Drop files onto the EBS volume directly (it's just a host bind-mount):

# Via SSM, no SSH:
aws ssm start-session --region "$AWS_REGION" --target "$INSTANCE_ID"
sudo cp /tmp/system-prompt.md /var/lib/hermes-claw/system-prompt.md
sudo systemctl restart hermes-claw

To pin a newer harness image, edit the systemd unit (/etc/systemd/system/hermes-claw.service) and systemctl daemon-reload && systemctl restart hermes-claw. As with all other targets — don't build a derived image.

EC2 teardown

aws ec2 terminate-instances --region "$AWS_REGION" --instance-ids "$INSTANCE_ID"
aws ec2 wait instance-terminated --region "$AWS_REGION" --instance-ids "$INSTANCE_ID"
aws ec2 delete-security-group --region "$AWS_REGION" --group-id "$SG_ID"
aws iam remove-role-from-instance-profile \
  --instance-profile-name "${CLAW_NAME}-ec2" --role-name "${CLAW_NAME}-ec2"
aws iam delete-instance-profile --instance-profile-name "${CLAW_NAME}-ec2"
aws iam delete-role-policy --role-name "${CLAW_NAME}-ec2" --policy-name read-secrets
aws iam detach-role-policy --role-name "${CLAW_NAME}-ec2" \
  --policy-arn arn:aws:iam::aws:policy/AmazonSSMManagedInstanceCore
aws iam delete-role --role-name "${CLAW_NAME}-ec2"
# Plus the Secrets Manager cleanup loop from Option A's teardown.

C. EKS

The Kubernetes manifest deploys on EKS unmodified. One AWS-specific note:

  • The PVC's accessModes: [ReadWriteOnce] works with the EBS CSI driver, which most EKS clusters ship with as the default StorageClass (gp2 or gp3). If you need ReadWriteMany (e.g. for a future multi-replica setup), switch to the EFS CSI driver and a ReadWriteMany StorageClass.

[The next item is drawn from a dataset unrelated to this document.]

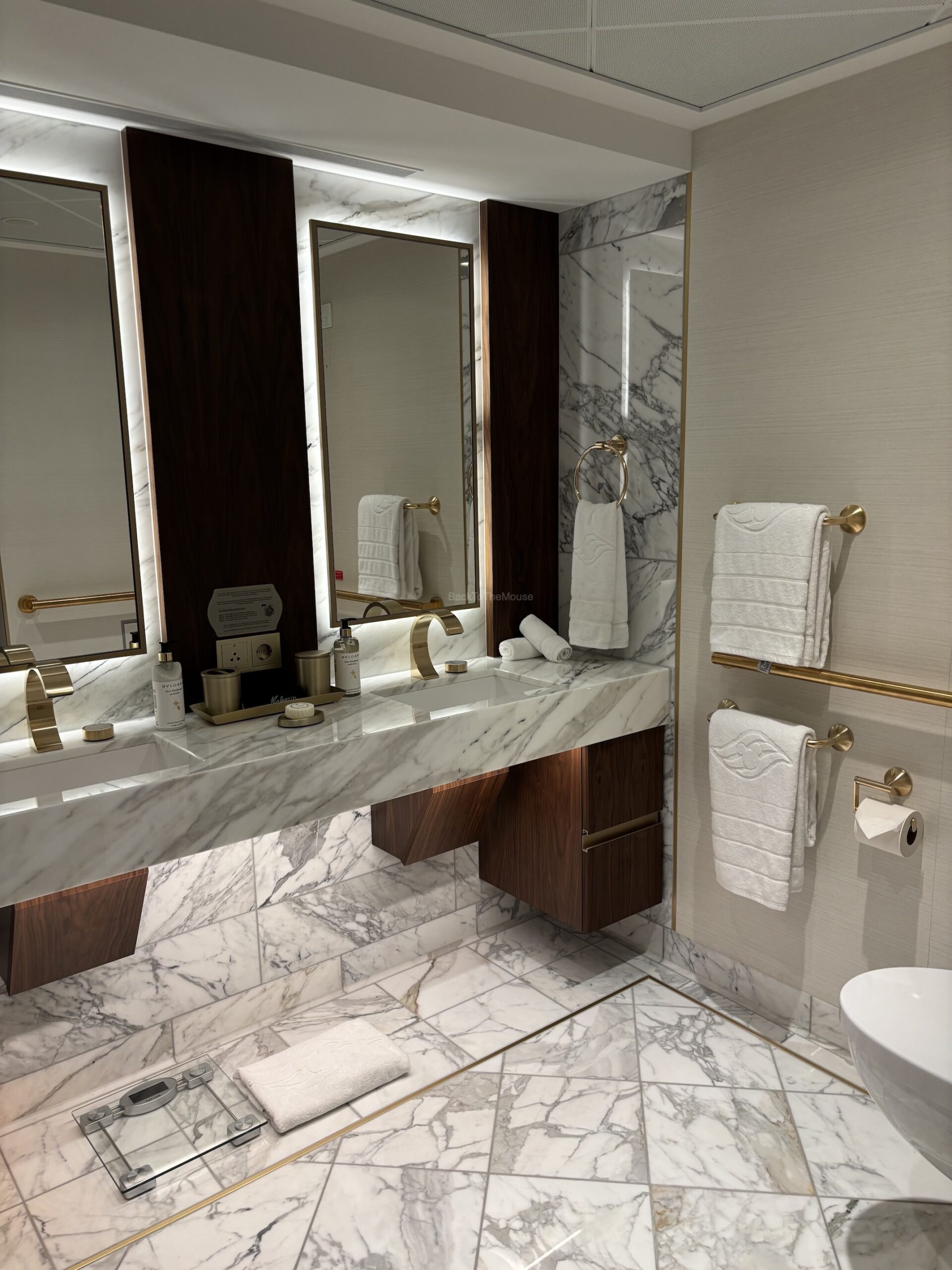 Luxury bathroom suite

Everything else — Secrets, Deployment, PDB, kubectl exec for shell-in — is portable from any K8s cluster.

Why not Elastic Beanstalk, Amplify, App Runner, Lambda?

Briefly, for the curious:

  • App Runner — closest to fly.io semantically, but no persistent volume support. Hermes' ~/.hermes state (sessions, memories, faster-whisper cache) wouldn't survive restarts.
  • Elastic Beanstalk — designed for traditional web apps with ELB/ASG/EC2 abstractions you don't need for a single-replica long-running bot. AWS's strategic container direction has moved to ECS and App Runner.
  • Amplify — full-stack web hosting (React/Next + auth + GraphQL + storage). Wrong product entirely for a long-running container with outbound Telegram polling.
  • Lambda — 15-minute execution cap, no persistent state, no long-running process. Hermes is a daemon, not a function.